Leur périmètre d’action est par nature limité. Chaque acteur pris individuellement, même lorsqu’il s’agit des États-Unis, de Google ou de Meta, ne peut pas endiguer seul ce problème car il s’agit de crimes transfrontaliers. Et c’est exactement la raison pour laquelle nous existons. Nous encourageons les États à mettre en place des législations réellement efficaces et à allouer les moyens nécessaires pour qu’elles soient appliquées. Nous insistons aussi sur le fait que ces lois soient les plus cohérentes possibles, tant au niveau régional que mondial. Ces harmonisations permettent effectivement une meilleure collaboration, y compris sur la terminologie. Par exemple, sur ce qu’on appelle le « grooming », c’est-à-dire la manière dont un adulte établit une relation avec un enfant en vue de l’abuser sexuellement. Ce qui peut se produire dans l’environnement familial d’un mineur mais aussi en ligne. De ce point de vue, la démarche de l’Union Européenne (UE) sur le sujet est absolument essentielle. Le rôle de la France dans ce travail est central du fait de sa maturité sur le sujet, en particulier sur la protection numérique des plus jeunes, sur les vérifications d’âge notamment pour les sites pornographiques. Si 27 États se mettent d’accord sur des règles communes solides concernant les abus sexuels sur les enfants, cela peut créer une impulsion majeure et servir de référence sur le plan international. J’espère que dans le rapport 2024 de notre organisation, nous pourrons nous féliciter de l’adoption de cette réglementation au sein de l’UE.

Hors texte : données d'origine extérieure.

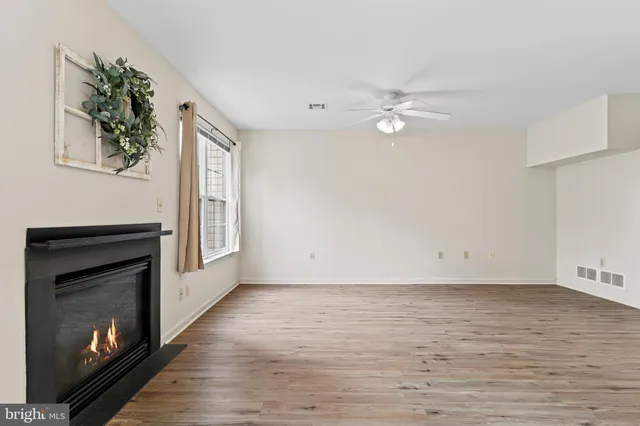 an empty room with windows and fireplace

Comment les entreprises leaders de la tech (pas seulement les grandes plateformes) ou les responsables informatiques peuvent-ils s’impliquer ?
Il faut d’abord que ces acteurs réalisent qu’il s’agit d’un risque systémique pour leur organisation, au même titre que des obligations légales ou des questions d’utilisation de brevets. Le partage d’expérience entre pairs sur ce sujet est aussi clé. Il y a par exemple des coalitions d’entreprises telles que la « Tech Coalition » (https://www.technologycoalition.org) qui permet d’échanger sur des solutions pouvant s’appliquer à l’ensemble de ses membres. Elle permet aussi d’aider les plus petites entreprises à se prémunir contre ce type de risques en s’inspirant de ce que mettent en place les grands groupes. On peut aussi citer l’engagement des membres de l’initiative « Digital Trust and Safety Partnership » (https://dtspartnership.org). Nous encourageons surtout l’ensemble des acteurs du privé, mais aussi des organisations non gouvernementales, à adhérer à notre organisation et à appliquer les recommandations que nous formulons dans notre dernier rapport.